Dual immunofluorescence and immunohistochemistry

Dual immunofluorescence was performed as described (18). Briefly, tracheal tissue was fixed in 4% paraformaldehyde for 18 to 24 hours, was embedded in paraffin, and was sectioned. Sections (4 μm) were deparaffinized in xylenes, rehydrated in graded ethanols, and boiled in 10 mmol/L sodium citrate buffer for 10 minutes. Blocking was performed with serum-free protein block (Dakocytomation). The primary antibodies used were rabbit anti-mouse K5 (dilution, 1:500; Abcam), mouse anti-K14 (dilution, 1:20; Abcam), and rabbit polyclonal anti–proliferating cell nuclear antigen (PCNA; dilution, 1:50; Abcam).

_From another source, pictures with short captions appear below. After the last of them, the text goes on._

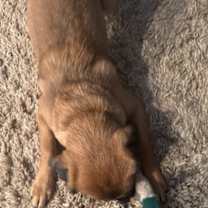 Thumbnail photo of Milo #3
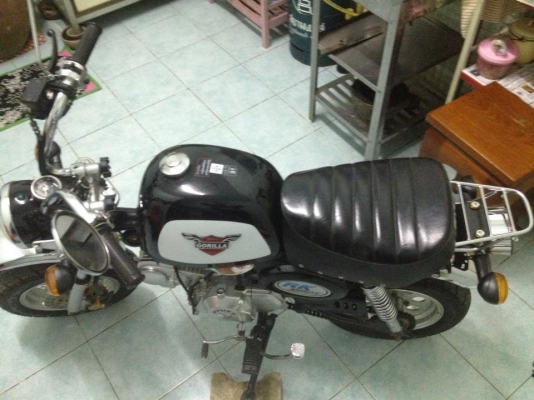 ลดราคาแล้วจร้า กอลิล่า RYUKA มีทะเบียนพร้อมโอน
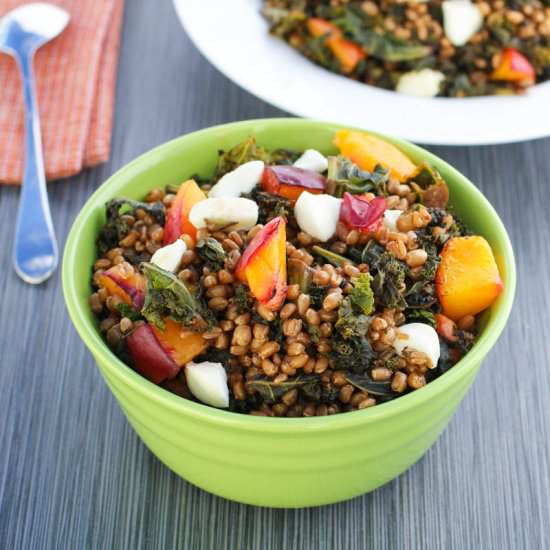 Wheat Berry Kale Nectarine Salad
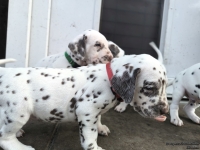 IMG_20250203_154715_web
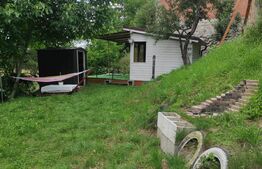 Cabana Sebesul de Sus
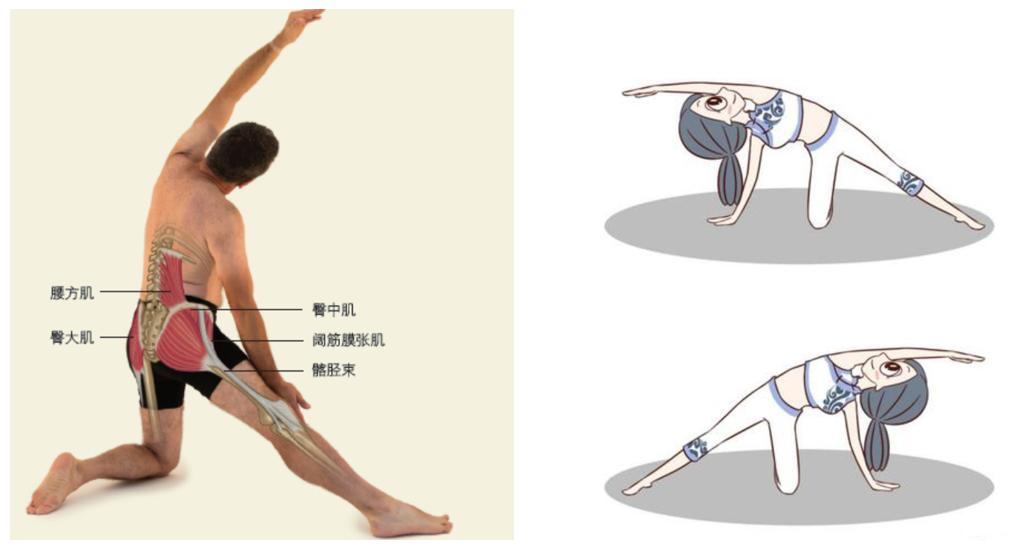 瑜伽初学者腰肌劳损怎么练习腰部,瑜伽腰背部疼痛怎么办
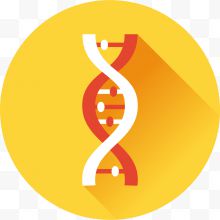 黄色圆形背景矢量DNA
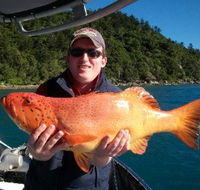 Gone Fishing by Coral Sea Fishing Charters Airlie Beach - Attractions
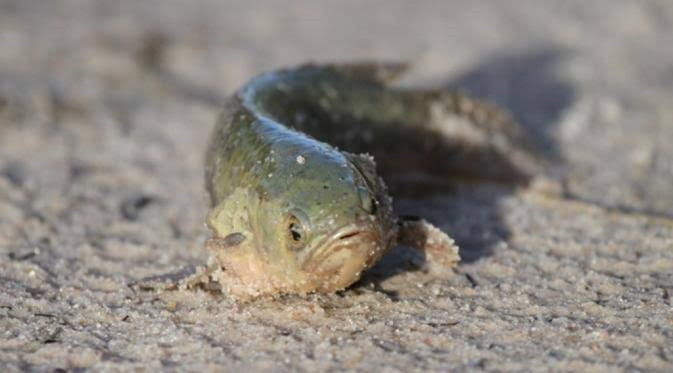 Ngoài ra, khi vào mùa mưa bão, nước ao hồ thường đầy nên loài cá rô đồng có thể dễ dàng nhảy lên bờ "đi bộ".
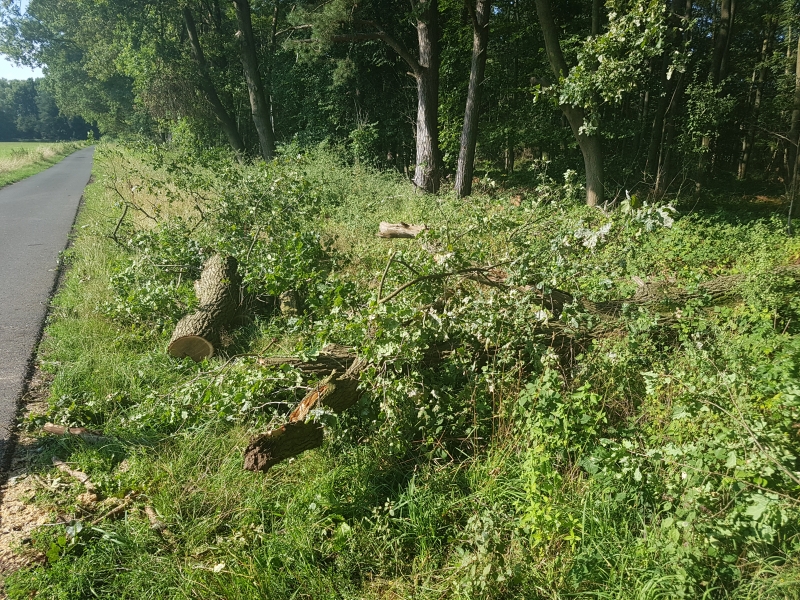 Baum auf Straße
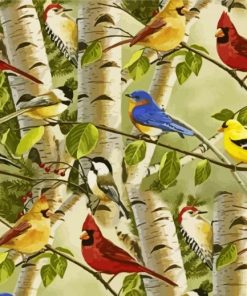 Birds And Birch Trees paint by numbers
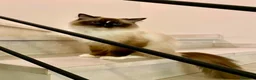 Ragdoll gatti in vendita: Ragdoll gatta adulta con Pedigree  - Annuncio 2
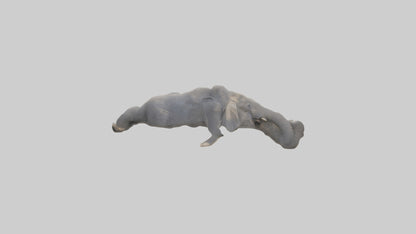 3D model Elephant Trunk VR / AR / low-poly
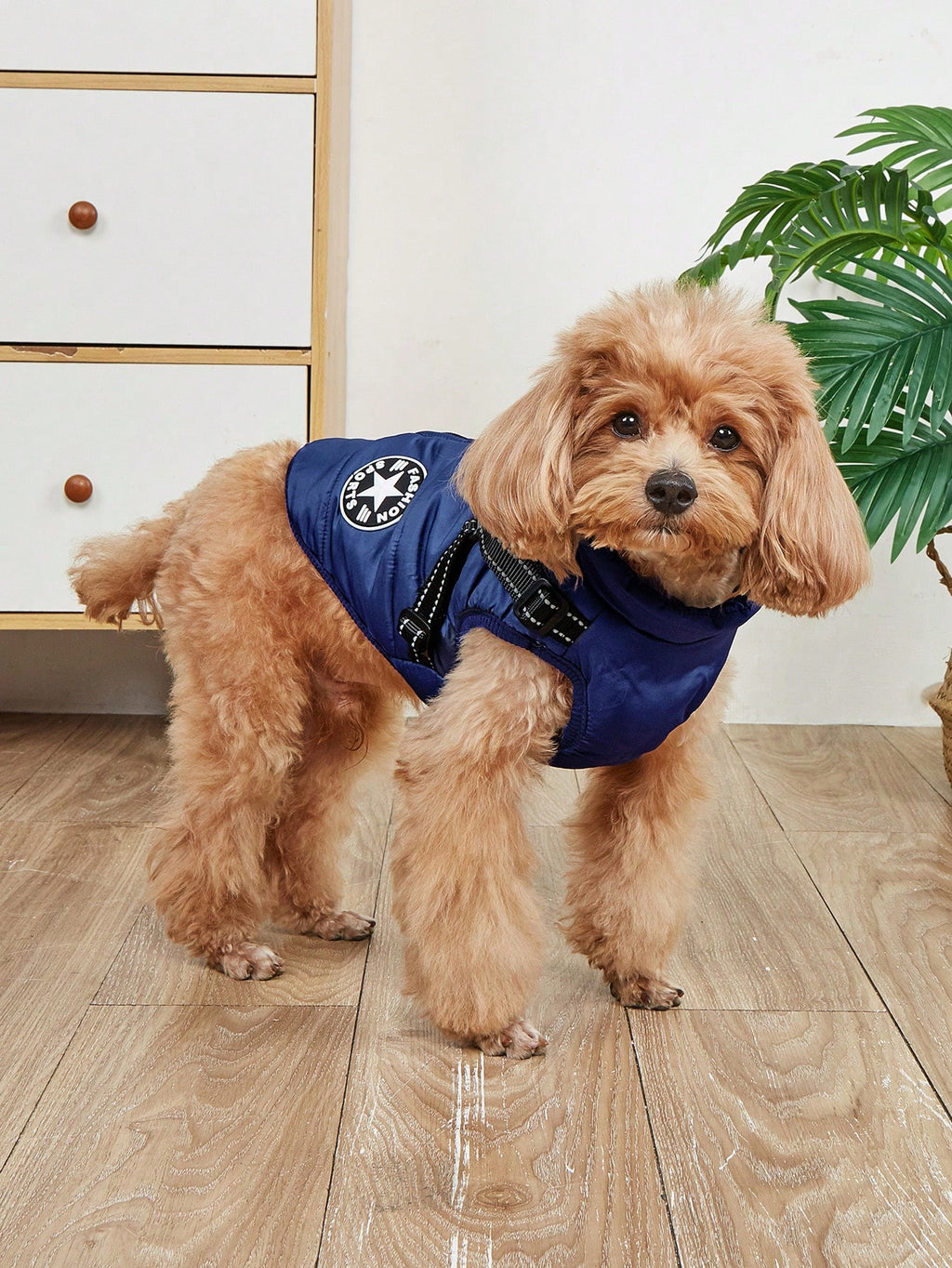 1個 犬用ハーネスベスト リード付き、防水 パッド入り 冬用ウォームアウトフィット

For calculating the proportion of proliferating (PCNA+), K5+, and K14+ cells in the epithelia, premalignant lesions, or tumors, tissue immunofluorescence images were obtained using a Zeiss AxioImager microscope (Carl Zeiss). For mouse samples, cross-sections through the same level of each trachea were selected for measurement. Cells were manually counted at ×20 magnification. Total K14+K5+ cells and K14-K5+ cells in an epithelium or lesion were counted to determine the percentage of K14+ cells within all the K5-expressing cells. K14+PCNA+ cells and K14+PCNA− cells in a premalignant lesion or tumor lesion were counted to determine the percentage of K14-expressing cells that were proliferating.

Immunohistochemical analysis of human lung tissue was performed as described (18) with the K5 and K14 antibodies described above. The lung TMAs were sectioned just before use, and serial sections were stained for K14 or K5 using a two-step immunohistochemical protocol.

Histologic definitions: Reserve cell hyperplasia was defined as a continuous and double layer of basal cells. Squamous metaplasia requires the development of horizontally oriented squamous cells with intercellular bridges. Dysplasia was diagnosed in the setting of epithelial thickening with nuclear pleomorphism and partial loss of normal maturation from the basal to luminal surface. Carcinoma in situ has marked nuclear pleomorphism and coarse chromatin with no maturation from basal to luminal surface and the absence of frank invasion.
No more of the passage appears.